23/08/2010
Este é o terceiro de uma série de cinco artigos escritos por Alan Lazalde para o blog espanhol Bitelia, em que ele faz uma “revisão da história da internet e das ideias libertárias que a sustentam”. No primeiro artigo, ele fala sobre a Arpanet e a origem da internet. No segundo, sobre a criação da World Wide Web (WWW). Este é sobre os algoritmos de software. Veja a tradução livre abaixo:
Código-fonte: o idioma homem-máquina
Um algoritmo é um método que segue um número finito de passos para resolver um problema. Para que um computador execute um algoritmo, este deve ser apresentado a ele em um formato que lhe seja inteligível, normalmente em sequências de zeros e uns (bits), algo como uma linguagem de máquina.
As pessoas não falam linguagens de máquina. Então como dão conseguem dar comandos a um computador? Como se consegue que um dispositivo de computação execute um algoritmo que, em princípio, não é nada mais que uma ideia na cabeça de seu criador? Na prática, isso é possível pelo uso das chamadas linguagens de programação.
Uma linguagem de programação é um meio-termo entre a linguagem natural, falada pelas pessoas, e uma linguagem de máquina, os bits. Uma pessoa capaz de aprender alguma linguagem de programação pode especificar, seguindo uma sintaxe (conjunto de regras que determinam a ordem e as relações das palavras na frase) precisa, o algoritmo que deseja implementar em um computador.

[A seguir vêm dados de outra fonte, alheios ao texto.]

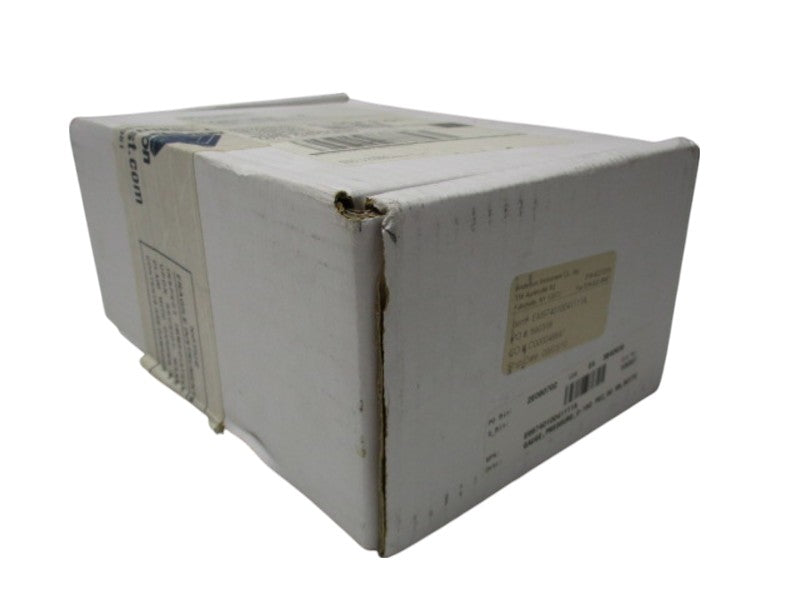ANDERSON EM974010041111A AIR GUAGE  NSMP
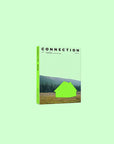 ONEW 4th Mini Album - Connection (Photobook Ver.) + APPLEMUSIC Photocard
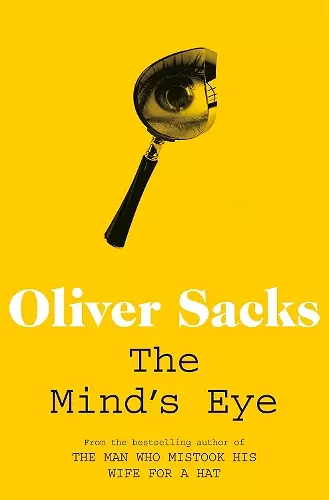 The Mind's Eye cover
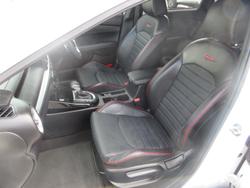 2022 Kia Cerato GT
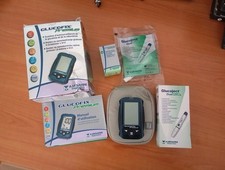 GLUCOFIX PREMIUM Lecteur de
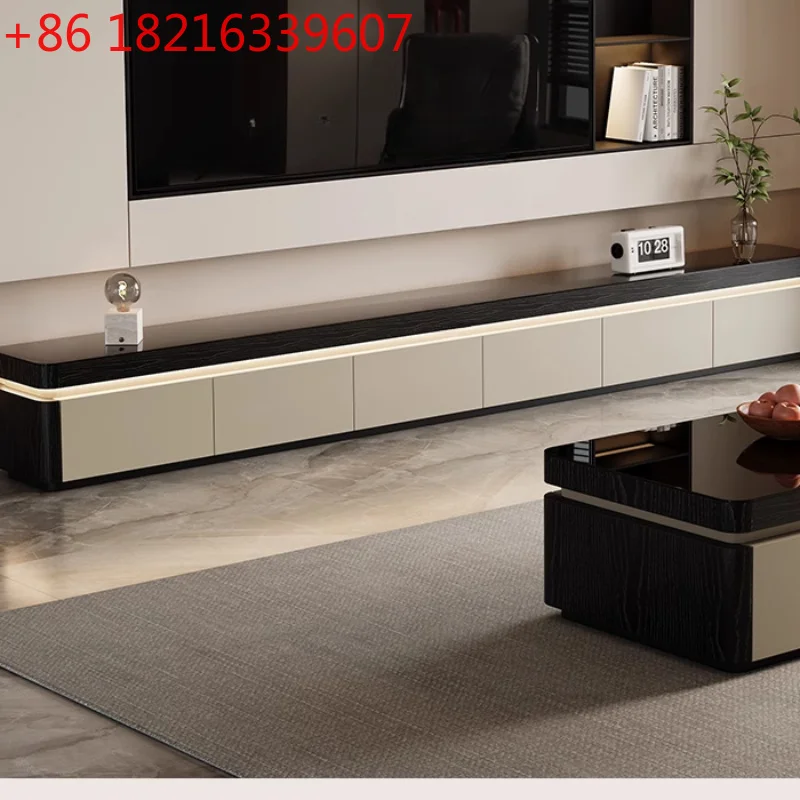 Rak TV Hemat Ruang YAO Elegan, - Sustainable Living Spaces ulasan dan harga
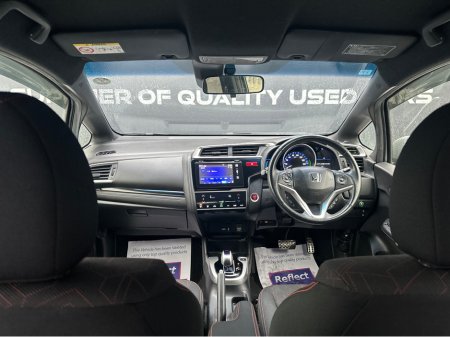 2013 Honda Fit - thumbnail 4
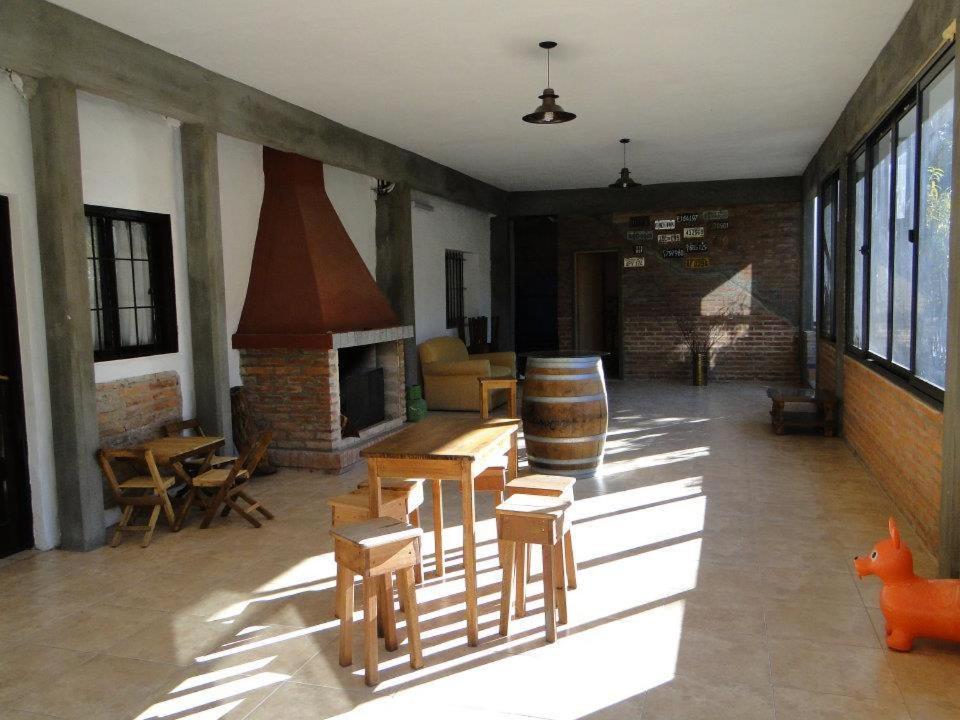 La Casona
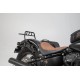 Κιτ εγκατάστασης πλαϊνών βάσεων Legend Gear SLH Harley Davidson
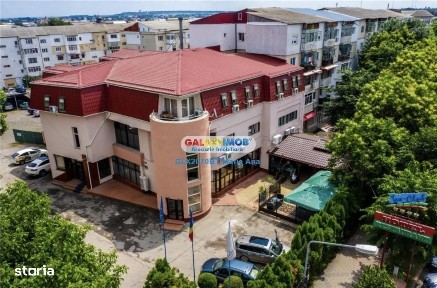 Strada Primaverii, Bucovina, Botosani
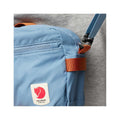Fjällräven High Coast Crossbody Bag Dawn Blue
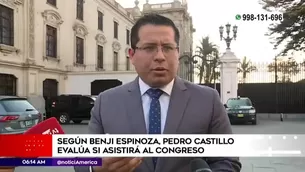 América Noticias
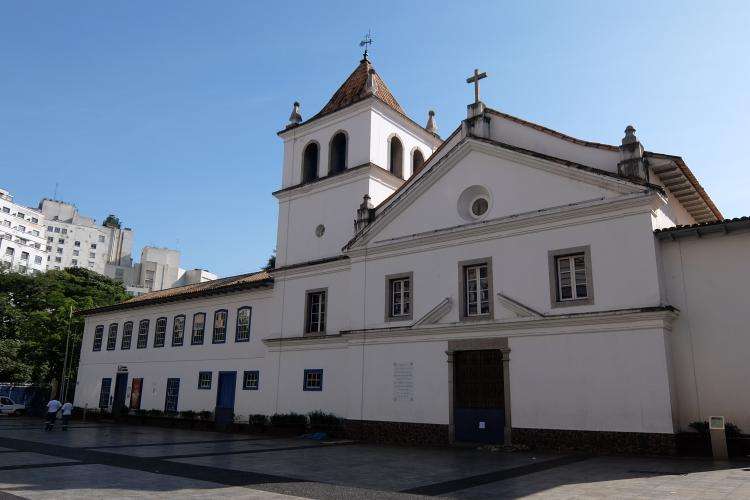 San Paolo del Brasile cosa vedere on the road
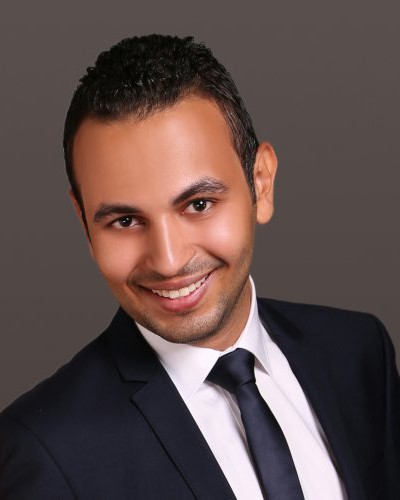Jobseeker photo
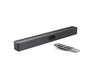 AI IntelliFocus video bar 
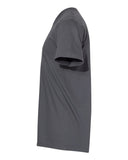 American Apparel - Fine Jersey T-Shirt Asphalt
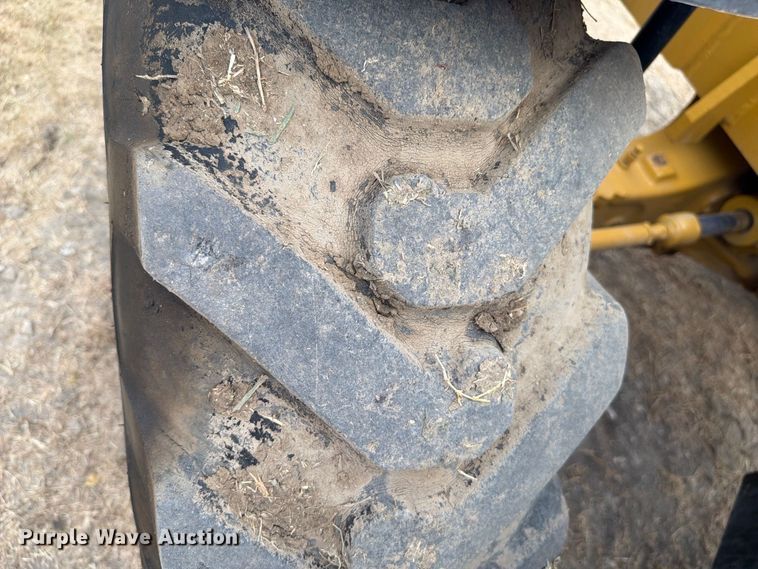 2006 Caterpillar TH360B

A especificação de um algoritmo, descrita em certa linguagem de programação, é conhecida como código-fonte (armazenado diretamente em um arquivo de texto). A transformação desses códigos em uma linguagem de máquina acontece em passos coordenados por um software chamado compilador.
A transformação final ocorre com a criação de um arquivo pronto para ser executado pelo equipamento de computação. Esse arquivo é o programa de software. Assim, o compilador não é nada mais que um software que transforma códigos-fonte em uma versão executável de software.
O computador Eniac, o primeiro construído para ser usado em propósitos gerais — de acordo com a versão mais aceita de sua história –, ativado a partir de 1947, era programado por meio de cabos e interruptores. Neste sentido, pode-se dizer que os programadores precisavam saber muito bem como o Eniac funcionava para poder introduzir na máquina os algoritmos de seu interesse.
Hoje, os programadores precisam saber um número cada vez menor de detalhes sobre as máquinas nas quais vão implementar seus algoritmos. Em vez disso, se concentram cada vez mais nos problemas que pretendem resolver usando essas máquinas. É provável que, no futuro, a linguagem natural e as linguagens de máquinas se juntem por meio de um mesmo código-fonte.
Software e conhecimento
Bem, se os algoritmos são ideias que resolvem problemas concretos e sua implementação, para serem executados por um computador, está descrita em um código-fonte escrito em alguma linguagem de programação, a quem pertence essa obra intelectual que é um software?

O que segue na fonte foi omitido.